RECORDED INFORMATION Start Marker

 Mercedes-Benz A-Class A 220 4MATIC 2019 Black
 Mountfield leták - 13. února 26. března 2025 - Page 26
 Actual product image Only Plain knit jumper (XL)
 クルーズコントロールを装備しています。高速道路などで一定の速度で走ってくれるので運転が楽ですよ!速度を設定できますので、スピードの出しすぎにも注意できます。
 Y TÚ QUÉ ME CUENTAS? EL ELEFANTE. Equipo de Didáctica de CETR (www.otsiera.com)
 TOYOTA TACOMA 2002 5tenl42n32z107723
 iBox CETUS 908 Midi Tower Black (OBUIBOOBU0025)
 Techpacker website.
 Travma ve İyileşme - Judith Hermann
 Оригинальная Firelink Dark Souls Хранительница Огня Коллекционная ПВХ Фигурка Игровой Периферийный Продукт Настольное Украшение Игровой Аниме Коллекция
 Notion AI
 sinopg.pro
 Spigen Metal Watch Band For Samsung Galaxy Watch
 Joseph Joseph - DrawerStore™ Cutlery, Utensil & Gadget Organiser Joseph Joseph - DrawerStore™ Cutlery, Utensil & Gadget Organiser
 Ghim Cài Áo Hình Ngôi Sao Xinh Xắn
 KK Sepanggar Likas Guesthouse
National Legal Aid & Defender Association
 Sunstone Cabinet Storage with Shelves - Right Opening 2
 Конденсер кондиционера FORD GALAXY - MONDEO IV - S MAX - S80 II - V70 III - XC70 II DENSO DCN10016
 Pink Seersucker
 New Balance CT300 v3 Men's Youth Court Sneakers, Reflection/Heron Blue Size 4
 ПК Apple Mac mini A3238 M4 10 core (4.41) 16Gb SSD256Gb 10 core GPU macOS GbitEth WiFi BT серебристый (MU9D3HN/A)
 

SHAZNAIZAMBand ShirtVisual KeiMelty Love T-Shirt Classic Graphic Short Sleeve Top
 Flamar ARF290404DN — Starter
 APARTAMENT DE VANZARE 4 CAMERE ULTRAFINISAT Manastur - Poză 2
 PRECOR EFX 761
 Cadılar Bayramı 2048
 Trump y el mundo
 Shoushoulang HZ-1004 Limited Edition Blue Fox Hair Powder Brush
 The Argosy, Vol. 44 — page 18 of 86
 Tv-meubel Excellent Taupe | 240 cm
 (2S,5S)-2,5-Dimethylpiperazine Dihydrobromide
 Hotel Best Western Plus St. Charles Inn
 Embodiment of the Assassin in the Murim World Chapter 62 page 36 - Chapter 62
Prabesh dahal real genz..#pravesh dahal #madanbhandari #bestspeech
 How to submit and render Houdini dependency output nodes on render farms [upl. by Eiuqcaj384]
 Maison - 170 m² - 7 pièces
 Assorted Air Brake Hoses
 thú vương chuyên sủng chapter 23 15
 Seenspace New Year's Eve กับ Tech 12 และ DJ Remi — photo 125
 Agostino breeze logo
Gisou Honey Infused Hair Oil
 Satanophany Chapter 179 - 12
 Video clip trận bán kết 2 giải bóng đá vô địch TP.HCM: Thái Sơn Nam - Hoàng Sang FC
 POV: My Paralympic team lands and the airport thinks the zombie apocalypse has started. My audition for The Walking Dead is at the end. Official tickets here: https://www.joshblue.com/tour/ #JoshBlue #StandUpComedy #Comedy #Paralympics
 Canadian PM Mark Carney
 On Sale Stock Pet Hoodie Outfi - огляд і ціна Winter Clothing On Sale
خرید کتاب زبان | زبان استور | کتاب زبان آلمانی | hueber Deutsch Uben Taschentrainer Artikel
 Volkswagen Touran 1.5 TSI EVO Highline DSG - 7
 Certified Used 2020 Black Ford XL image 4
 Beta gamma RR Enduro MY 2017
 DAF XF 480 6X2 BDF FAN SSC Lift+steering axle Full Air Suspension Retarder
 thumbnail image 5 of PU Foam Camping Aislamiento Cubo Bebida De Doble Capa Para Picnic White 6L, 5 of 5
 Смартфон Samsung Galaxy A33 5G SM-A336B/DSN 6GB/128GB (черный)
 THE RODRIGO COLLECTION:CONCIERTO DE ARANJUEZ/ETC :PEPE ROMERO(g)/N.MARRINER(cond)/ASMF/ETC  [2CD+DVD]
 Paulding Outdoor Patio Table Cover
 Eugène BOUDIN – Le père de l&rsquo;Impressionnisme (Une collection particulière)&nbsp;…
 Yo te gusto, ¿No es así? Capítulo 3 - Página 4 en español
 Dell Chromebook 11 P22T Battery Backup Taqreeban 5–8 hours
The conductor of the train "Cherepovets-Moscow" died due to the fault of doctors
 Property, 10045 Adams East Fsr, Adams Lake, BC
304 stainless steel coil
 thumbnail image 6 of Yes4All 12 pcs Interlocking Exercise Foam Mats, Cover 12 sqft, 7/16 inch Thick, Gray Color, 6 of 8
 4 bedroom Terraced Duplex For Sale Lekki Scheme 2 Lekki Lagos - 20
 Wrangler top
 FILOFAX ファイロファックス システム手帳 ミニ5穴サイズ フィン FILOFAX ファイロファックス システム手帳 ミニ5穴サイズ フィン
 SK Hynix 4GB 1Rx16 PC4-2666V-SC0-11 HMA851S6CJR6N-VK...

RECORDED INFORMATION End Marker

== TASK ITEM ==
All lines from the beginning of the listing through the one with "National Legal Aid & Defender Association" are to be restated word for word, and only those.

== TASK RESPONSE ==
 Mercedes-Benz A-Class A 220 4MATIC 2019 Black
 Mountfield leták - 13. února 26. března 2025 - Page 26
 Actual product image Only Plain knit jumper (XL)
 クルーズコントロールを装備しています。高速道路などで一定の速度で走ってくれるので運転が楽ですよ!速度を設定できますので、スピードの出しすぎにも注意できます。
 Y TÚ QUÉ ME CUENTAS? EL ELEFANTE. Equipo de Didáctica de CETR (www.otsiera.com)
 TOYOTA TACOMA 2002 5tenl42n32z107723
 iBox CETUS 908 Midi Tower Black (OBUIBOOBU0025)
 Techpacker website.
 Travma ve İyileşme - Judith Hermann
 Оригинальная Firelink Dark Souls Хранительница Огня Коллекционная ПВХ Фигурка Игровой Периферийный Продукт Настольное Украшение Игровой Аниме Коллекция
 Notion AI
 sinopg.pro
 Spigen Metal Watch Band For Samsung Galaxy Watch
 Joseph Joseph - DrawerStore™ Cutlery, Utensil & Gadget Organiser Joseph Joseph - DrawerStore™ Cutlery, Utensil & Gadget Organiser
 Ghim Cài Áo Hình Ngôi Sao Xinh Xắn
 KK Sepanggar Likas Guesthouse
National Legal Aid & Defender Association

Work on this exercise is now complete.